But it fails as humor; Florence looks unnerved.

“It was fine, thanks.”

“Good. I’ll come right to the point. It has come to my attention that you may have become romantically involved with the parent of a student.”

Collapsing, crushing silence.

“Excuse me?”

“Of course, there is no official prohibition on friendships between faculty members and the family members of current students. However, as the senior administrator of this institution, I am responsible for considering the possible adverse ramifications of such a relationship on the well-being of the institution.”

Careful, Esker, she cautions herself. Her heart is slamming around inside. She chooses the driest words she can find. “How exactly do you envision a legal, consensual adult ‘relationship’ might have any ‘adverse ramifications’ on the well-being of the ‘institution’?” Careful, Esker. Stay civil.

“We have to consider, for one, the fact that the parent in question is married.”

Floods of hot and cold coursing beneath her skin. Married! Does Florence even realize the terms of their marriage? But again: Careful, don’t address it. She wants to rise from her chair and walk out. She wants to take the millefiori paperweight from Florence’s desk and send it through the window. Who has been talking to Florence? Not Ann. One of Ann’s friends? Some parent? Alice? Has Alice Evers placed a call from her film set? Is Florence thinking about the publicity factor as related to Alice Evers alone, with her demicelebrity status? Or might Alice be in tight with any of the school’s larger donors? One of the trustees? Has a trustee placed a call directly? And what might anyone have said? Is she romantically involved with Wally? What does that even mean? Romantically involved. How do you parse it? What counts? Leaving her appointment book on his coffee table? Eating gelato on Broome Street? Holding his forehead while he throws up? They did kiss, it is true, inescapably. . . . But! She is furious, her mind sputtering in protest, even to be made to go through the exercise of analyzing it, the events and terminology, for Florence’s sake, when it’s nothing she would do on her own.

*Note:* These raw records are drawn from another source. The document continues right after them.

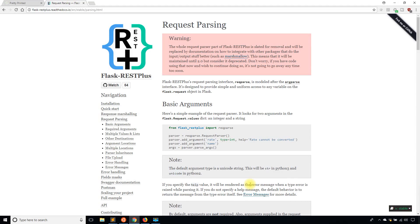Hey everyone, it's Anthony from PrettyPrint here. In today's video I'm going to talk about integrating Marshmallow with Flask-RestPlus. The example I'll show will be pretty simple — it's more of an explanation because Marshmallow isn't tightly integrated into Flask-RestPlus.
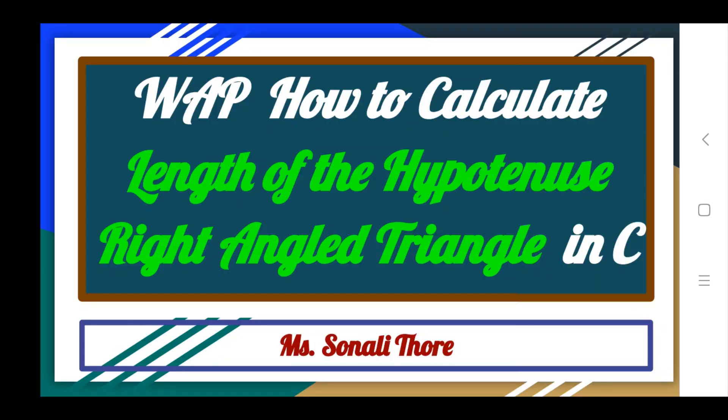Hi everyone, I am Sonali. Welcome back to online tutorials of C programming language. Today we will learn to write a program how to calculate length of the hypotenuse of a right-angled triangle in C programming language. Now start the program.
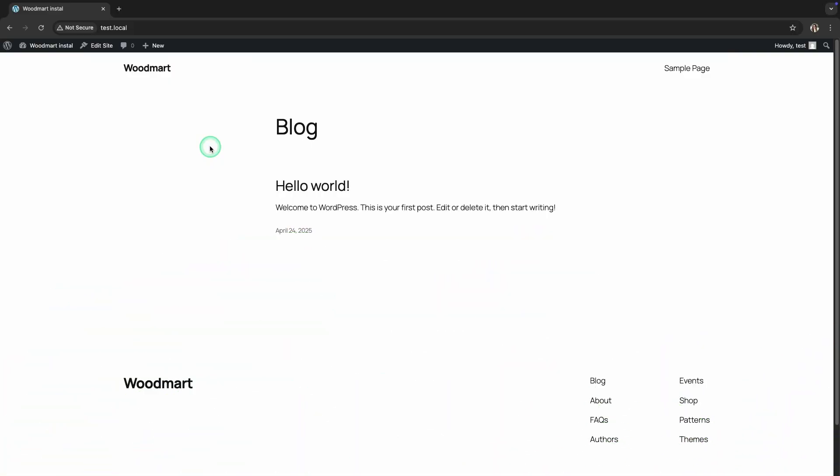Hello. In this video, we'll walk you step-by-step through the process of installing the WoodMart theme and importing the demo content so you can get your project up and running quickly.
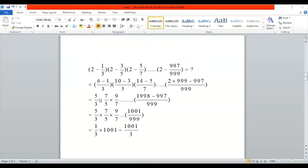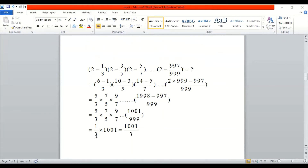After solving the brackets: 6 - 1 = 5, giving 5/3; 10 - 3 = 7, giving 7/5; 14 - 5 = 9, giving 9/7; and the last term is (1998 - 997)/999 = 1001/999. Observing the pattern: 5 cancels with 5, 7 with 7, and so on. What remains is 1/3 multiplied by 1001, giving 1001/3.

Who is Florence? Who is this woman in her champagne perm and fuchsia plaid, looking a bit sad as she sits there with her Mont Blanc mini-scepter, proud but weary guardian of institutional standards and well-being?

“I can see you’re upset.”

“Florence. I think I need you to help me understand better what is upsetting you. Have you been made aware of any concrete harm likely to come to the school as a result of a possible liaison between a parent and teacher?” Anger catapults her speech to a more formal register. But her voice is shaking. Can Florence hear it?

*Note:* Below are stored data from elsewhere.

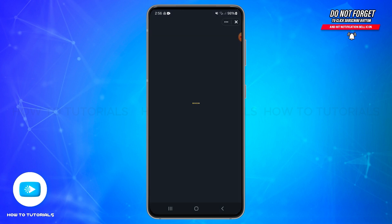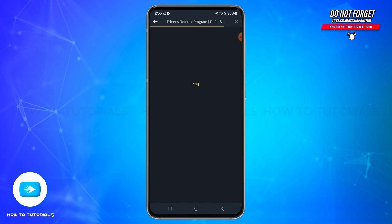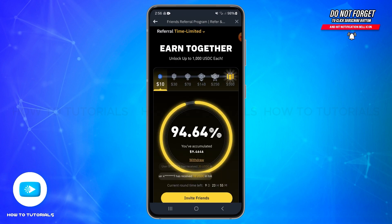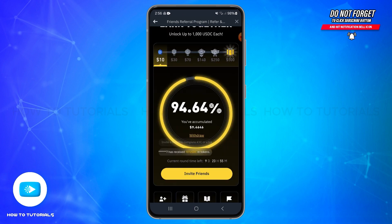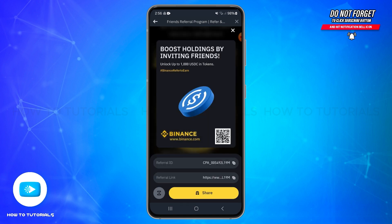You will be taken to a new page. In this referral section, you will need to scroll down a bit and tap on the Invite Friends option at the bottom. Once you tap on it, this will present your unique referral ID and a referral link.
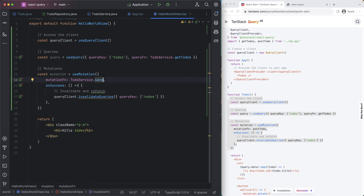And on success, we want to invalidate the to do key here. Essentially, whatever to do's we had from before, let's clear the cache and refetch those so that our state is in sync with whatever we have in the backend.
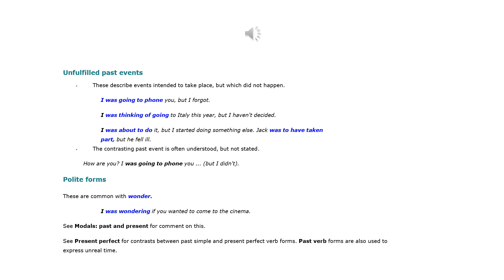Polite forms are common with wonder: I was wondering if you wanted to come to the cinema. See modals, past and present for comment on this. See present perfect for contrasts between past simple and present perfect verb forms. Past verb forms are also used to express unreal time.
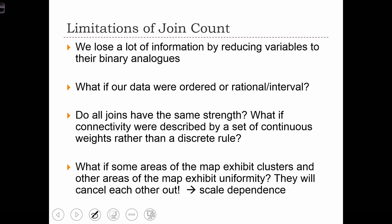We might have more connectivity amongst the joins between neighboring countries in Western Europe and neighboring countries in Eastern Europe, but across the East-West divide, those joins — maybe we don't want to consider at all. In those cases, we need some other way to capture the strength of association between neighboring units.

“I can certainly envision concrete, damaging repercussions resulting from public knowledge of a liaison between a married parent and his child’s current teacher.”

She wants to object to this repeated use of the word “married.” Don’t get sidetracked, she warns herself. Focus. Don’t let that become the issue. “That’s not what I’m asking you.” Esker sighs. “It’s a little difficult for me to address your concerns without knowing what information, precisely, has been passed on to you, accurately or inaccurately, and without being made aware of its source.”

Now Florence sighs, and looks down heavily.

Oh, what an act, thinks Esker, and she hates everything about it, the stilted language, the strategic way she is calculating her own responses, the way they are sitting, the distribution of power: the executive fronted by the fortress of her desk and backed by green-and-black marble, streaky as a fine steak; the employee in her slighter chair, adrift in the middle of this genteel office, which broadcasts a kind of superior claim to morality and righteousness—but of course: people installed in offices like this are inherently more fit to interpret ethical guidelines, are by natural law better able to discern, and more likely to protect, the best interests of the community!

“Look, Florence. It’s difficult for me to respond specifically when your question is so vague. Basically: who told you what?”

Florence looks up, pained. Oh, how delicate is the skin around her eyes! Oh, how sympathetically pursed the rose-painted lips! “Yesterday afternoon a faculty member overheard Ann James telling another student, in the hallway, that you and her father are dating.”

“I see.” Esker sits back in the chair and folds her arms across her chest. She feels relieved, as well as annoyed that Florence is wasting her time when she could be preparing for D-block. “This is the whole basis for your concern?”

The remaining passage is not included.